Bahkan terjadinya degresi (penyimpangan) cerita serta pemanfaatan stilistika
yang keliru pun, pembaca demikian akan mengetahuinya. Pembaca semacam ini
biasanya banyak membaca pula teori-teori sastra. Pembaca semacam ini disebut
juga pembaca ideal.
·
Informed reader artinya, pembaca yang tahu, yang berkompeten.
Pembaca ini biasanya memiliki kemampuan bahasa, semantik, dan kode sastra yang
cukup. Kategori ini sejalan dengan istilah pembaca implisit, yaitu pembaca yang
mampu menggunakan kode-kode tekstual secara menyeluruh.
·
Intented reader, yaitu pembaca yang telah berada pada benak
penulis ketika merekonstruksikan idenya.
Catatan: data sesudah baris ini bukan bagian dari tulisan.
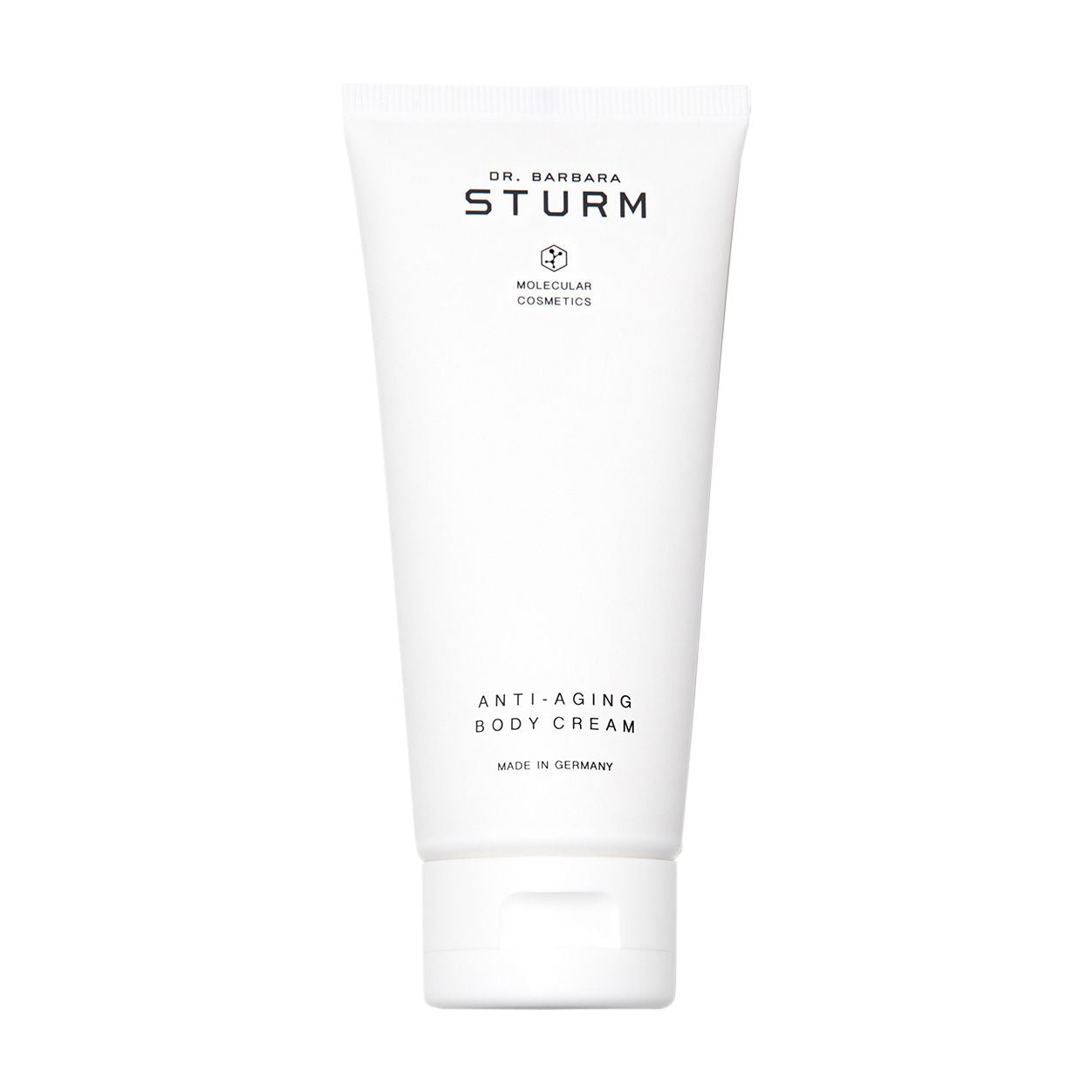 Best Anti-Aging Body Cream for Women & Men - Hydrating Firming Moisturizer with Collagen & Retinol - Perfect for Night Use & Dry Skin Care Routine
Model pembaca semacam ini telah
terbayangkan oleh penulis, misalnya pembaca anak-anak muncul pada saat seorang
pengarang menulis cerita anak. Pembaca semacam ini, meskipun sifatnya juga
masih meraba-raba, mungkin akan lebih komunikatif. Sekurang-kurangnya pemahaman
aspek bahasa dan psikologis sastranya telah terpenuhi. Kategori ini sejalan
dengan istilah real reader, actual reader, yaitu manusia yang benar-benar
melaksanakan tindakan pembacaan.
Dari tiga ragam pembaca menurut Iser di atas,
memang bukan tanpa kelemahan. Bahkan ketiganya sama sekali belum menyinggung
pembaca awam. Padahal pembaca awam sesungguhnya memiliki peran penting terhadap
makna teks. Pembaca awam kadang-kadang juga lebih objektif dan polos, sehingga
menilai karya sastra menurut pengetahuan dan visinya. Mereka lebih orisinal
dalam membaca sastra karena belum terkontaminasi dengan teori-teori.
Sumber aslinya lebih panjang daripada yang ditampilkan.